Com a miséria que abate a região sul da Itália, no final do século XIX e início do século XX, os mafiosos viajam pela Itália em busca de melhores condições de vida. Mais pobres e rejeitados, se organizam em uma sociedade de autodefesa e criminalizam-se. Para o povo, a máfia era um grupo de camponeses violentos, de “sangue quente” que comumente faziam desafios com final de homicídios. Acontece que, desde 1890, a máfia já era uma sociedade organizada e dotada de poder político com ações internacionais, fraudes e com manobras financeiras.

O aumento da renda permitiu o fortalecimento da sede na Sicília e a diversificação das atividades ilegais realizadas pela máfia.
A terceira fase surge com a instalação de parte da sociedade nos Estados Unidos da América, formando as famílias italianas da América. As famílias eram compostas de parentes, incluindo os norte-americanos e suplementadas por pessoas conhecidas por amigos, que eram indicadas por parentes.
Essa fase é urbano-empreendedora, até o final da década de 1960, em que os mafiosos proliferam-se e se inserem especialmente no setor da construção civil.
A quarta e última fase tem seu início na década de 1970 quando se observa a transformação da “máfia-empreendedora” em “máfia-financeira”. Em um primeiro momento, a Cosa Nostra possuía como grande negócio o contrabando de cigarros e a corrupção em obras públicas. Posteriormente, o principal negócio se tornou o tráfico de entorpecentes.
Os mafiosos, entre os anos de 1940 e 1990, passaram a controlar as eleições na Sicília, adquirindo, assim, certo poder junto à Roma.
A Cosa Nostra se tornou a maior e mais poderosa Máfia, com aproximadamente 180 clãs.

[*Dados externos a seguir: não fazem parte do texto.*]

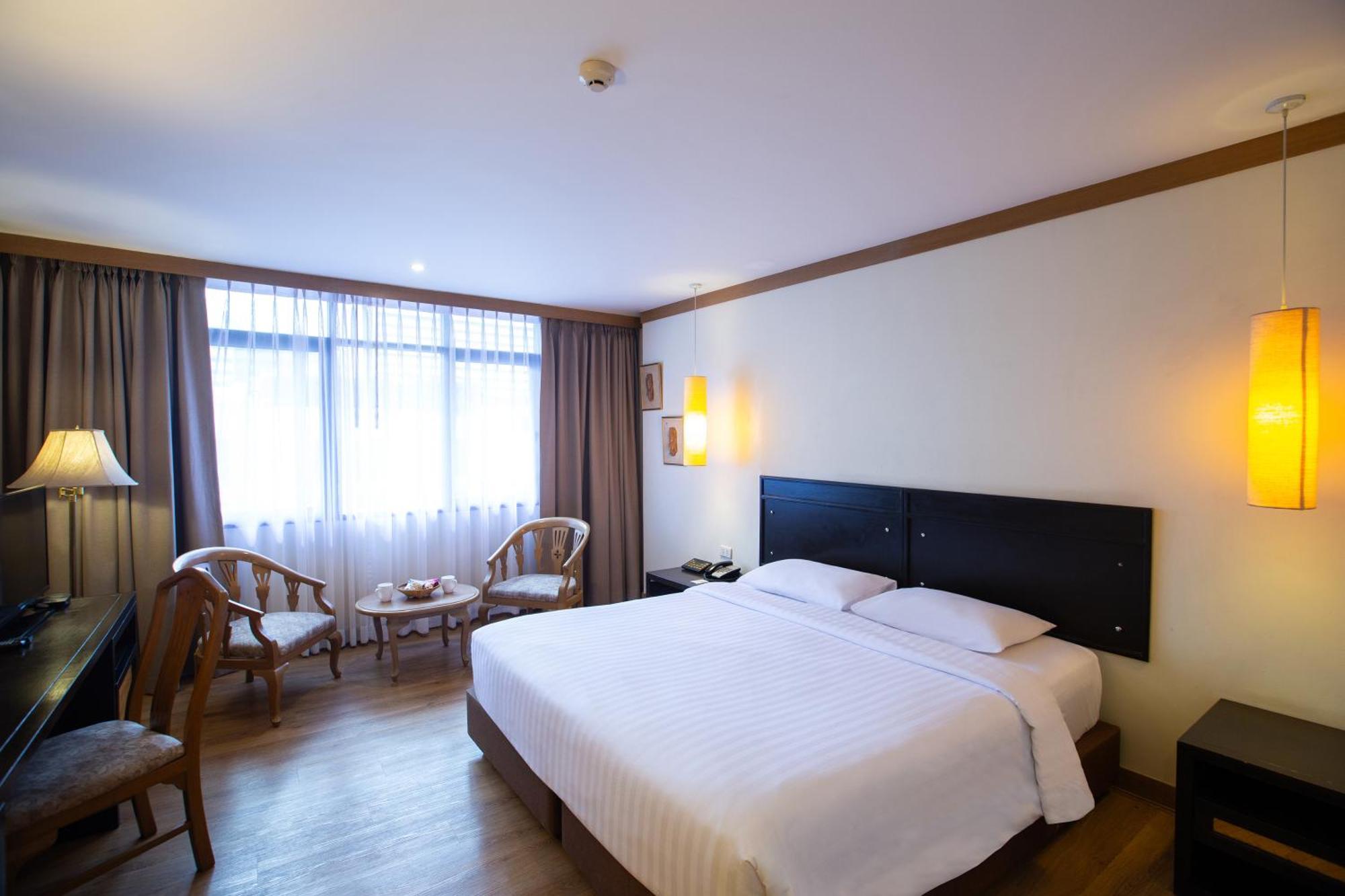 The Tarntawan Hotel Surawong Bangkok Exteriör bild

Dois meses depois de Falcone, à esquerda, ter sido assassinado,
 outro juiz anti-máfia, Paolo Borsellino, foi morto num atentado
Através do trabalho sério de autoridades, especialmente do Juiz Giovanni Falcone e do Procurador Paolo Borsellino, ambos assassinados, posteriormente, por membros da máfia, foi descoberta a estrutura mafiosa, que é a seguinte:
A família é a base da organização e controla um bairro ou uma cidade inteira, sendo constituída de homens de honra, “soldados”, agrupados em número de dez. Cada grupo é coordenado por um “capodecina”. Os membros da família elegem o Capo-Família que é assistido por um “Consigliere”, ou seja, assessor. Este é, normalmente, uma pessoa de notável esperteza, sagacidade e é auxiliado por vicecapi (subchefes).
A união de três ou mais famílias, cujas áreas de atuação sejam contíguas, constitui um “mandamento” e nomeiam um “capomandamento”, normalmente um Capo-Família, mas pode ser uma pessoa diferente.
Os capomandamenti constituem uma estrutura colegiada, chamada de “Copola”, que possui a função de garantir as regras da Máfia e de “compor as vertentes da Família” (MENDRONI, 2009, p. 295). A “Copola” é presidida por um dos capimandamento que é chamado de Secretário ou Capo.
Existe, ainda, um colegiado superior, chamado interprovinciale, mas que pouco se sabe acerca do mesmo, mantendo um caráter secreto e misterioso.
Uma das características mais marcantes da Cosa Nostra é que ela se assemelha a um Estado, uma vez que exerce domínio territorial e “taxa” as suas atividades de “proteção”. Aqueles que pagam à Máfia recebem proteção. Os que não pagam, são intimidados e agredidos pelos membros da Cosa Nostra.
Além disso, a ingerência no Estado também é muito marcante, através de subornos e corrupção da máquina estatal.
“A Cosa Nostra, segundo um levantamento da Direzione Centrale della Polizia Criminale de 1995, contava com 5.487 integrantes na Sicília, sendo maior a quantidade no eixo Palermo – Catânia. Palermo teria 59 grupos com 1.492 afiliados e Catânia nove grupos com 1.476 afiliados; sendo os demais distribuídos entre Trapani, Messina, Agrigento e Siracusa” (DI CAGNO apud MENDRONI, 2009, p. 303).